Indéniablement, l’expérience d’entrepreneur est un « plus » pour l’organisation recruteuse. Elle intègre un collaborateur curieux, qui a probablement fait preuve d’une grande force de conviction lorsqu’il a porté son projet et qu’il mettra à disposition de la structure pour fédérer les équipes. Il est autonome ? Tant mieux, si cette qualité s’exprime dans le respect d’un cadre défini et clairement énoncé. Ce goût pour l’indépendance le rend plus créatif et certainement plus moteur vis-à-vis des équipes en place. C’est une vraie force que d’être capable de trouver ses propres solutions sans forcément attendre un appui extérieur. L’innovation, si précieuse dans les entreprises d’aujourd’hui, passe par là : la capacité de chacun à prendre des initiatives et à faire un pas de côté pour envisager -et faire évoluer- les process sous un angle un peu différent.

Enfin, cet ancien chef d’entreprise apporte avec lui son réseau et son tissu relationnel. Là encore, c’est une vision différente du monde économique qui va enrichir les échanges de l’entreprise avec son environnement. Il a été impliqué dans un club d’entrepreneurs, il a noué des contacts avec des partenaires locaux ou métiers ? C’est une chance, sans aucun doute !

Sarah Fournier, fondatrice de ProActif recrutement, recommande souvent ce genre de profils aux entreprises qui la sollicitent pour leurs recrutements. « Le monde du travail est en pleine évolution et face à ces changements, les entreprises recherchent des profils mobiles et agiles. C’est souvent le cas avec les ex-entrepreneurs. On a besoin de gens comme eux qui sont autonomes et savent manager.
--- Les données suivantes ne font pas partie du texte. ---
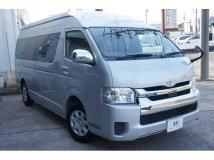 2020 Toyota Hiace Wagon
Ils possèdent une capacité de décision rapide par leur expérience et leur réalisme. Dans leur vie d’avant, ils ont probablement vécu des échecs. C’est une force, car ils ont maintenant la vision des erreurs à éviter. Mais pour être réussi, leur recrutement doit être accompagné. À nous de bien redéfinir avec l’entreprise quelles sont ses attentes, et avec le candidat quels sont ses valeurs, ses aspirations et le projet professionnel qui l’anime ».